Shares of Booking Holdings plunged -4.5% in pre-market to $165.50 on April 29, extending a two-day slide of nearly 7%, as investors punished the world's largest online travel agency for a soft spot in its Q1 report: the number of hotel nights actually booked. The company delivered adjusted EPS of $1.14, beating the consensus estimate of $1.08 by 5.6%, while revenue reached $5.53 billion, slightly above the $5.51 billion forecast. But the headline numbers masked a deceleration in the core volume metric that drives future revenue.

The Room Nights Miss Signals Real Demand Weakness

Booking added 19 million room nights year-over-year, reaching 338 million — just 6% growth , well below the 8–9% pace seen in recent quarters.
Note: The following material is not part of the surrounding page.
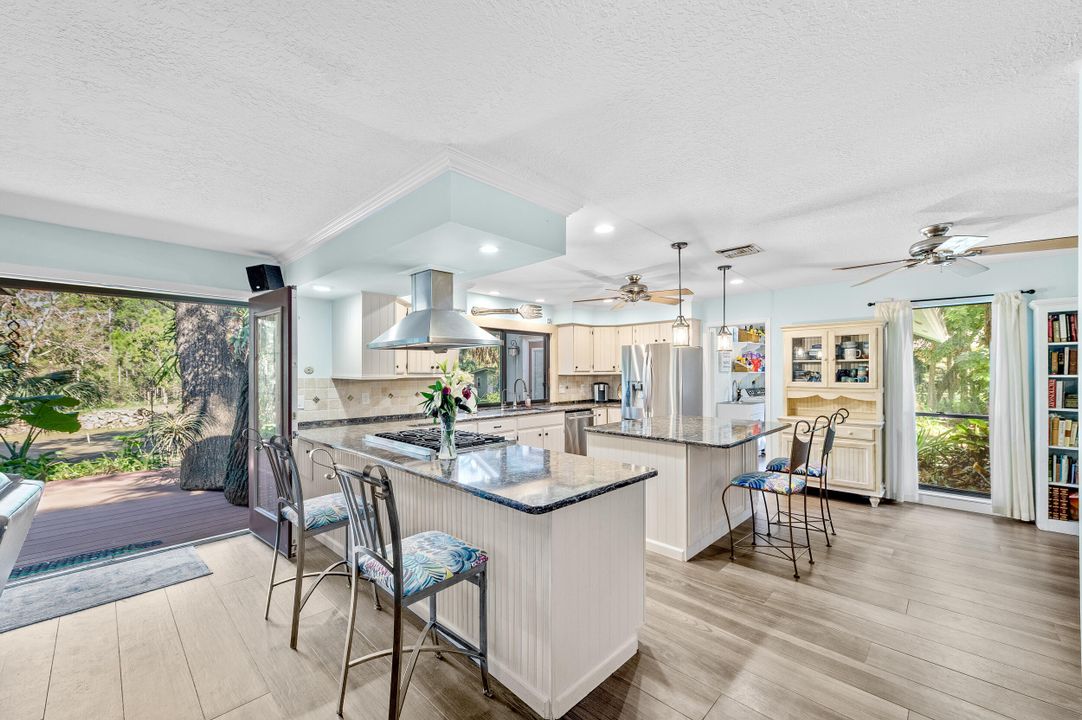 На продажу: $775,000 (3 спален, 3 ванн, 2450 Квадратных фут)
CFO Ewout Steenbergen cited "elevated cancellations and a moderation in new bookings in March," resulting in a 6-percentage-point impact on March room night growth alone.

The company estimates the Middle East conflict shaved approximately 2 percentage points off overall room night growth. For a business that earns commissions on each booking, slower volume growth directly threatens the revenue pipeline — and the revenue impact from the conflict "will not be fully realized until future quarters" because of how Booking recognizes revenue.

Q2 Guidance Offers Cold Comfort

For Q2, Booking expects room night growth of just 2–4% and revenue growth of 4–6% — a sharp step-down from Q1's 16% revenue increase. Management assumes the conflict will weigh on travel demand through June, with recovery expected only in the second half. That's a bet, not a guarantee.

Record Buybacks Are Doing Heavy Lifting

Booking returned a record $4.0 billion to shareholders in Q1 — $3.6 billion in repurchases and $0.3 billion in dividends.

The aggressive capital return program reduced the diluted share count by 4% year-over-year, contributing to per-share earnings growth. Without those buybacks, the EPS beat likely evaporates — a signal that financial engineering, not organic volume growth, is propping up returns.

AI Savings Are Real but Won't Replace Lost Bookings

Booking's transformation program is on track to deliver $500–$550 million in savings for 2026.

Agoda achieved a double-digit reduction in customer service cost per booking through AI automation. These efficiency gains widen margins, but they can't manufacture demand in a region where travelers aren't traveling. The stock is already down over 16% year-to-date, partly on fears that AI agents could eventually cut out travel middlemen entirely.

The bottom line: Booking is executing well on costs and capital returns, but the market is telling management that volume growth — not margin tricks — is what justifies the premium.